The impact: of Supreme Court decisions is often immediately apparent; the Gobitis ruling in 1940 provoked a wave of persecution against Jehovah’s Witnesses. But that decision was reversed just three years later, after the Court realized the destructive consequences of its action. The impact on Japanese Americans of the Hirahayashi and Korematsu decisions, however, was not evident to many people for more than three decades after the Court upheld their exclusion from the West Coast. The former internees returned to their communities after the war and rebuilt their lives as hardworking, law-abiding citizens. But underneath their image as a “model minority” was pent-up anger at the injustice they endured for no reason but their race. Some of them, and many of their children, marched for civil rights and against the Vietnam War. During the 1970s, several groups of Japanese Americans began a grassroots lobbying campaign, asking Congress to make symbolic payments to Japanese Americans who had been forced into internment camps.
The first victory of the “redress movement” came in 1980 when Congress established a blue-ribbon Commission on Wartime Relocation and Internment of Civilians, charged with reviewing the mass internment and making recommendations for methods of redress.
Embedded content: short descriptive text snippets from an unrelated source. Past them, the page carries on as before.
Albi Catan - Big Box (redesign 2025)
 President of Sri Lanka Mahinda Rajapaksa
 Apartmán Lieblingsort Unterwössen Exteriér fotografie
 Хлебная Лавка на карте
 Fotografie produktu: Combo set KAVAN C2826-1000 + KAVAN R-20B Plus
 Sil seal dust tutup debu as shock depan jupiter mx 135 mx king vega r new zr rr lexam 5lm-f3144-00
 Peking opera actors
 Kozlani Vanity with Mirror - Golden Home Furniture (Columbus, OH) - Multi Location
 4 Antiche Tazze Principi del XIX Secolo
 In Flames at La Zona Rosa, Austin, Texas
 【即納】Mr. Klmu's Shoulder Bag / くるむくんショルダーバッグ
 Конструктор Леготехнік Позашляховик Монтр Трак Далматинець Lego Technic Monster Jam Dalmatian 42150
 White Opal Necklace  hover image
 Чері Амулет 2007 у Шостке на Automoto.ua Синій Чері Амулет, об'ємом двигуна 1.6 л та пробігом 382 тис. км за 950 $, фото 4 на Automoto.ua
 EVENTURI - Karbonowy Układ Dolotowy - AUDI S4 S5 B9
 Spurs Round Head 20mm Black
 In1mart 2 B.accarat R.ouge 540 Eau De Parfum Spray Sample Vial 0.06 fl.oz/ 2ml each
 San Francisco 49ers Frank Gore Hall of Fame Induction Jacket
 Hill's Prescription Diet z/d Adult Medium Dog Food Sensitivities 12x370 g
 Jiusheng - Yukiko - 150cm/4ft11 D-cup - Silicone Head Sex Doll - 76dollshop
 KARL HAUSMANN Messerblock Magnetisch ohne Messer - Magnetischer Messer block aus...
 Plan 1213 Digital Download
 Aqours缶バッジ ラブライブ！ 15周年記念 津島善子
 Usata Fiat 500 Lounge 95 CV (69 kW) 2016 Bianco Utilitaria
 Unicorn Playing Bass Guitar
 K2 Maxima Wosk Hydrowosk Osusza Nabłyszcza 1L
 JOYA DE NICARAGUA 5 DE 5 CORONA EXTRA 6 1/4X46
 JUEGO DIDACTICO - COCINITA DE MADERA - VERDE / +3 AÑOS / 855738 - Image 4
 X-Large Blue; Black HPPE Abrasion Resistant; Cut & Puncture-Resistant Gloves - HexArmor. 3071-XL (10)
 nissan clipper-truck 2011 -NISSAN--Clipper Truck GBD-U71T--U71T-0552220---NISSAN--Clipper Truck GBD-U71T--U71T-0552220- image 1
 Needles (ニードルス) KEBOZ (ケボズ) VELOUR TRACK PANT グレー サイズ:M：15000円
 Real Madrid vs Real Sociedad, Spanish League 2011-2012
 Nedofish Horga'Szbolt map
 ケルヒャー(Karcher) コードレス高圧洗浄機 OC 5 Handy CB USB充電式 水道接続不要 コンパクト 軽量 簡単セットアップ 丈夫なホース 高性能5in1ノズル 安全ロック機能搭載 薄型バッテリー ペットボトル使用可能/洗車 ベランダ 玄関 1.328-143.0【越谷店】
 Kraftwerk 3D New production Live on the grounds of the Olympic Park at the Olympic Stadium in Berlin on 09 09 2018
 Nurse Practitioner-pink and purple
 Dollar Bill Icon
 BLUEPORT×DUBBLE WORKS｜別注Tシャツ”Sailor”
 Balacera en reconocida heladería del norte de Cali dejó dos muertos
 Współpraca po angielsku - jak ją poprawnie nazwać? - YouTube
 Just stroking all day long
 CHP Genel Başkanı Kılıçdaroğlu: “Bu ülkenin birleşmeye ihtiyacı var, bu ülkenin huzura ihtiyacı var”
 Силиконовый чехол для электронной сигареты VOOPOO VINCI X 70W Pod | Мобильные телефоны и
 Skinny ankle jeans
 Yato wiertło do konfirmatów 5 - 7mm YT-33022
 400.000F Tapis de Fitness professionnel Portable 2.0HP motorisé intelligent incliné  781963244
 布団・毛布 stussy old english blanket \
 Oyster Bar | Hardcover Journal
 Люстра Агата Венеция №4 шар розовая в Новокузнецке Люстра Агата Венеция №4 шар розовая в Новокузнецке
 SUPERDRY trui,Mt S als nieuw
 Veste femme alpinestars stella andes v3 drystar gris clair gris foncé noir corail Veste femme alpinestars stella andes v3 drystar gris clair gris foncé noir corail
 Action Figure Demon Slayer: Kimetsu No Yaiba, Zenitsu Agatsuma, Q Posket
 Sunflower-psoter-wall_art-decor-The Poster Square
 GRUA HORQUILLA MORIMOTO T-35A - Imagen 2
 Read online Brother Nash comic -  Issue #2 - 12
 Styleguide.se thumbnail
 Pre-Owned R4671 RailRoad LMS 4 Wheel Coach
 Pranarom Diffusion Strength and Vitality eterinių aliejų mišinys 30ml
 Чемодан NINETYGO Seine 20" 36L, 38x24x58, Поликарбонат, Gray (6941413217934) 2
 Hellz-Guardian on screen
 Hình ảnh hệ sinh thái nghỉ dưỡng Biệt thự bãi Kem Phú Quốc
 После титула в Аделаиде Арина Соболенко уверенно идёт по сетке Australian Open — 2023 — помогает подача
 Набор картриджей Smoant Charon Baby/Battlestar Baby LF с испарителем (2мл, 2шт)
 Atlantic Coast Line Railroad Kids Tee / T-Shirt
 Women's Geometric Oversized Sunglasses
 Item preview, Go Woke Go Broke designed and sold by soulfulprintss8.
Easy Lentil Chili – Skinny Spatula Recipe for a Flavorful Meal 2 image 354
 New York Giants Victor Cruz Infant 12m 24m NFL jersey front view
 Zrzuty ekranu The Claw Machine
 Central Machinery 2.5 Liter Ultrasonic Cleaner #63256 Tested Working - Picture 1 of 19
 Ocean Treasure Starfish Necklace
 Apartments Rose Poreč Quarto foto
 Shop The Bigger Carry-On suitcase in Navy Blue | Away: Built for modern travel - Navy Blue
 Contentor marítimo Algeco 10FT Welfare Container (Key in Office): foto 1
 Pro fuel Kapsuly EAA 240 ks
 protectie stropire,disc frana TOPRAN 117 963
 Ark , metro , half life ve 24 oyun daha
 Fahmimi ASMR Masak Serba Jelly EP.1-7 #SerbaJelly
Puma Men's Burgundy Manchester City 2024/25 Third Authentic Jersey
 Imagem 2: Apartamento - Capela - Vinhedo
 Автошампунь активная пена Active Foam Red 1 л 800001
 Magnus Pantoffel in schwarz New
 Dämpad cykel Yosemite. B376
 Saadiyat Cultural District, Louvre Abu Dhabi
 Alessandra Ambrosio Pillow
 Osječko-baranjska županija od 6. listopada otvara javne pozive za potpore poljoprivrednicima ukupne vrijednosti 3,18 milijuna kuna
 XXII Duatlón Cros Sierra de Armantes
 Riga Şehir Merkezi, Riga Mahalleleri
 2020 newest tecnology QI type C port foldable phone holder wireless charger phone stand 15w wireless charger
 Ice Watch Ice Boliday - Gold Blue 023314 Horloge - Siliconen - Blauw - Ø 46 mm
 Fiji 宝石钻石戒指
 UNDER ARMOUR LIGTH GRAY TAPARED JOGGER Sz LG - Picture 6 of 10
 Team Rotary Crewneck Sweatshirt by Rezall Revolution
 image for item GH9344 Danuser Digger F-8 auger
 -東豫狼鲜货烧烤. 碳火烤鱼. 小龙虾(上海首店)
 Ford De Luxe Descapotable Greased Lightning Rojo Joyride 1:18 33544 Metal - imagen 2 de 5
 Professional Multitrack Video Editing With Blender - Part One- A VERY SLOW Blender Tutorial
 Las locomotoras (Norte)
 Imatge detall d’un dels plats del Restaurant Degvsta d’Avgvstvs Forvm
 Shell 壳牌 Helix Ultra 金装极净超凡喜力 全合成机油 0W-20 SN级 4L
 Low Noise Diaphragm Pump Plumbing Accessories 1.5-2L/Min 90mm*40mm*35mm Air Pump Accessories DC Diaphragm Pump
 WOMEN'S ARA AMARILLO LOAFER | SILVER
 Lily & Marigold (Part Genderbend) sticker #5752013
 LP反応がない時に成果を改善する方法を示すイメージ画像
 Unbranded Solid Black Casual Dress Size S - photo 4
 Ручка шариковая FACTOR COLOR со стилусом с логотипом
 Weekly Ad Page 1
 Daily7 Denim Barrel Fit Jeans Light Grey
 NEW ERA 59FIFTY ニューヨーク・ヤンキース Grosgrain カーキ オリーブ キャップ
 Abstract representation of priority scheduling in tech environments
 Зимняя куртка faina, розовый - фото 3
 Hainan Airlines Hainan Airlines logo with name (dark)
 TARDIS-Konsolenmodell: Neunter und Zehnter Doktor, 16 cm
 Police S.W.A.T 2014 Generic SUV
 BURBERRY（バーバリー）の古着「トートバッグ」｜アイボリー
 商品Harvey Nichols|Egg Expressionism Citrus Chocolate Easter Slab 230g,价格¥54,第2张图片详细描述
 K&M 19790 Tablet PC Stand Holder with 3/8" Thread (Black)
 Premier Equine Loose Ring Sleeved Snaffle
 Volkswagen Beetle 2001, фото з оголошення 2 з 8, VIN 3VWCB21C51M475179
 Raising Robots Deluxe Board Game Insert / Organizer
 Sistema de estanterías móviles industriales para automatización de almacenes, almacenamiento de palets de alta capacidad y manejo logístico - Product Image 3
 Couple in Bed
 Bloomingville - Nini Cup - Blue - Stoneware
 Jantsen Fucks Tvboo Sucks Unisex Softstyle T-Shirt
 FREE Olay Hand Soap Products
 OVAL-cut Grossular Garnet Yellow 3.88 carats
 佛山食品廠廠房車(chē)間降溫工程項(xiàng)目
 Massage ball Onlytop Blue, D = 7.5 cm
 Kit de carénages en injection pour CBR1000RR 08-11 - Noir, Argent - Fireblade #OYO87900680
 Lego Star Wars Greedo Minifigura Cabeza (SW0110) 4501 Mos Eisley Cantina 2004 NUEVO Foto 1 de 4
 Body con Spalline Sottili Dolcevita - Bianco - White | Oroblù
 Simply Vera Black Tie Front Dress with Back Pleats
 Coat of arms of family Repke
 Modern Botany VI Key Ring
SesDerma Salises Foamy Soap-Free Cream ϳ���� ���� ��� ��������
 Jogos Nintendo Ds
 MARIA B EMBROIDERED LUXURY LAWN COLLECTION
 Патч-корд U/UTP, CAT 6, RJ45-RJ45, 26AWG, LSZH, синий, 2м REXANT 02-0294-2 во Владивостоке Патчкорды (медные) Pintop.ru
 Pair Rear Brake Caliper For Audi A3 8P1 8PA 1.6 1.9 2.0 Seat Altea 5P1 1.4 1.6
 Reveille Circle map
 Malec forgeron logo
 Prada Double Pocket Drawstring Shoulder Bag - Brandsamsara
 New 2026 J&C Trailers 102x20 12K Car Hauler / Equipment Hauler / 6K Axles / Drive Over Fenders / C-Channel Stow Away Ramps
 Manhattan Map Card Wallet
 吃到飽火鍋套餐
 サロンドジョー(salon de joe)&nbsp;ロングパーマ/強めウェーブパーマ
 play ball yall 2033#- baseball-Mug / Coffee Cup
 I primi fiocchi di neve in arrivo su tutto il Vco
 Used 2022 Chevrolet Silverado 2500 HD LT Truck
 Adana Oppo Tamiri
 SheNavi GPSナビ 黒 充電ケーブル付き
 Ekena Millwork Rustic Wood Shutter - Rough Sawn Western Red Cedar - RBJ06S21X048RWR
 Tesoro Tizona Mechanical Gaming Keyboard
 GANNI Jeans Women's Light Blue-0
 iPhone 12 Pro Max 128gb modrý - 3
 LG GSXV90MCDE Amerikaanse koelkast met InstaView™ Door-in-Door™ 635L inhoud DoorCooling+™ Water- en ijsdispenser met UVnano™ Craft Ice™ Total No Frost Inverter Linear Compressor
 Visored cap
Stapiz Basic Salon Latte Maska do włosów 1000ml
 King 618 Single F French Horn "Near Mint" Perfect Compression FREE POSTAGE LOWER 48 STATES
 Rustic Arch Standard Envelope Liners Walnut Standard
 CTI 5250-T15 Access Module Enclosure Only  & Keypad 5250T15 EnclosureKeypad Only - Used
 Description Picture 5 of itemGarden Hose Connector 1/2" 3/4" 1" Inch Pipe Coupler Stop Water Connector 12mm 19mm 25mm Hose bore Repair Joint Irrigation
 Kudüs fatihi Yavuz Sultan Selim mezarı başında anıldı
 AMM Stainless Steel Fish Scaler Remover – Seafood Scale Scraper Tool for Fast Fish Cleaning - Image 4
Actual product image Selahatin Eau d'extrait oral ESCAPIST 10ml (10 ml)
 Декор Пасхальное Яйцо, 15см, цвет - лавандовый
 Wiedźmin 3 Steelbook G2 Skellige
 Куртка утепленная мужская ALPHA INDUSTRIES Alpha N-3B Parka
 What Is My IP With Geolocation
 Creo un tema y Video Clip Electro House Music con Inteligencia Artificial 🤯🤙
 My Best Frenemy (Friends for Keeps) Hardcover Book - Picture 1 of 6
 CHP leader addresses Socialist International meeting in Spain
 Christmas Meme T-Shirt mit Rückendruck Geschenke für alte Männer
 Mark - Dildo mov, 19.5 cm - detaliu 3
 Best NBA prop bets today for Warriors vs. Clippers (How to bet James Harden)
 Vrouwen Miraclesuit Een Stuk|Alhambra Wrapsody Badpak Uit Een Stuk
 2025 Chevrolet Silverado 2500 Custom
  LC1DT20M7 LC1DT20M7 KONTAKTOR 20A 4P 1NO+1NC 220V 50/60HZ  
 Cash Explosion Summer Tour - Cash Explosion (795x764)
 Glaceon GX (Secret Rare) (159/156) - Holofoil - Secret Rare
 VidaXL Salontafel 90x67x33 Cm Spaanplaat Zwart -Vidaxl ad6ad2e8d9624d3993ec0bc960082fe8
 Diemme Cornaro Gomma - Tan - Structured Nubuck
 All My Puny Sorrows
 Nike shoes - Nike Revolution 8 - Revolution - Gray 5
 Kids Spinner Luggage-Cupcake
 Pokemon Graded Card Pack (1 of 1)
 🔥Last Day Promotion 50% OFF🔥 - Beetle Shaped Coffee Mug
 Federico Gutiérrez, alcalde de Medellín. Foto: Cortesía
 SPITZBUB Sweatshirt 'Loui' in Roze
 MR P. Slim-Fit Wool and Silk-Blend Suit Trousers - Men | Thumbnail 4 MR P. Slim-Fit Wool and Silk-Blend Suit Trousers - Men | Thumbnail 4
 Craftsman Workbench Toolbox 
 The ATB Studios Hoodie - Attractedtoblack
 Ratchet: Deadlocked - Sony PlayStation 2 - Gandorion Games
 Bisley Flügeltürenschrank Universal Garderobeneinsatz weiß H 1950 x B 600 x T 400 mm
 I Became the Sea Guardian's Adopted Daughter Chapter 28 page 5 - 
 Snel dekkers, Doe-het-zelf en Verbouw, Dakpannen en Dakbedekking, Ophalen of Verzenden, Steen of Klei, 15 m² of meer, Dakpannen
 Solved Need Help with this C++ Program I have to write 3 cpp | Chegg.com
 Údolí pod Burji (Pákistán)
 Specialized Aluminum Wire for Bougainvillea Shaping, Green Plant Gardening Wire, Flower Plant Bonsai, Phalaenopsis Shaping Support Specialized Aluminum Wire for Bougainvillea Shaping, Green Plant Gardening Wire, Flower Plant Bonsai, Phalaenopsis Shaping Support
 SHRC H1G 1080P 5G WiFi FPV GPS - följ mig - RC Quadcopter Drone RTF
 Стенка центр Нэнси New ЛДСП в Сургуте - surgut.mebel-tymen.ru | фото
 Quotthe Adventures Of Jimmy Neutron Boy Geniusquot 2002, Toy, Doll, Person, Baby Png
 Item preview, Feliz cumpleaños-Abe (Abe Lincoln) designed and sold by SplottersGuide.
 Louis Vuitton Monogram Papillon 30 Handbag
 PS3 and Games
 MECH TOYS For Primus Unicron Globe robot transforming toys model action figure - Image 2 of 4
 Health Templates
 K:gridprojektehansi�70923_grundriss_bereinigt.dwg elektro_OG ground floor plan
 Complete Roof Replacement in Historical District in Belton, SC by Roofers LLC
This nine-member body—which included former Supreme Court justice Arthur Goldberg—conducted hearings around the country at which more than 750 people testified, many speaking tearfully about their wartime hardships and lingering pain. In a 467-page report in 1983, the commissioners agreed unanimously that Japanese Americans had suffered a “grave injustice” that was produced by “race prejudice, war hysteria, and a failure of political leadership.” All but one commissioner-Republican congressman Daniel Lungren of California—recommended that Congress provide compensation of $20,000 for each survivor of the internment camps.
The redress campaign included a legal effort to reverse the wartime convictions of Gordon Hirabayashi, Min Yasui,, and Fred Korematsu. Normally, criminal defendants cannot ask judges to reopen their cases after appeals have been exhausted and sentences completed. The only exception to the “finality” rule stems from one of the “ancient writs” of English law, called the writ of error coram nobis. This term is legal Latin for “error before us,” referring to the trial judges. This application for judicial relief is related to the better-known writ of habeas corpus, an order to “bring the body” of the defendant into court for a hearing on the legality of the detention. In coram nobis cases, the former defendant must show that “prosecutorail misconduct” during the original trial deprived him or her of a fair trial. There are two grounds for coram nobis relief: one requires proof that government lawyers deliberately withheld “exculpatory” evidence that would show the defendant’s innocence; the other involves the government’s introduction at trial of false evidence of the defendant’s guilt. The burden of proof on defendants is high, and coram nobis relief is rarely sought and even more rarely granted.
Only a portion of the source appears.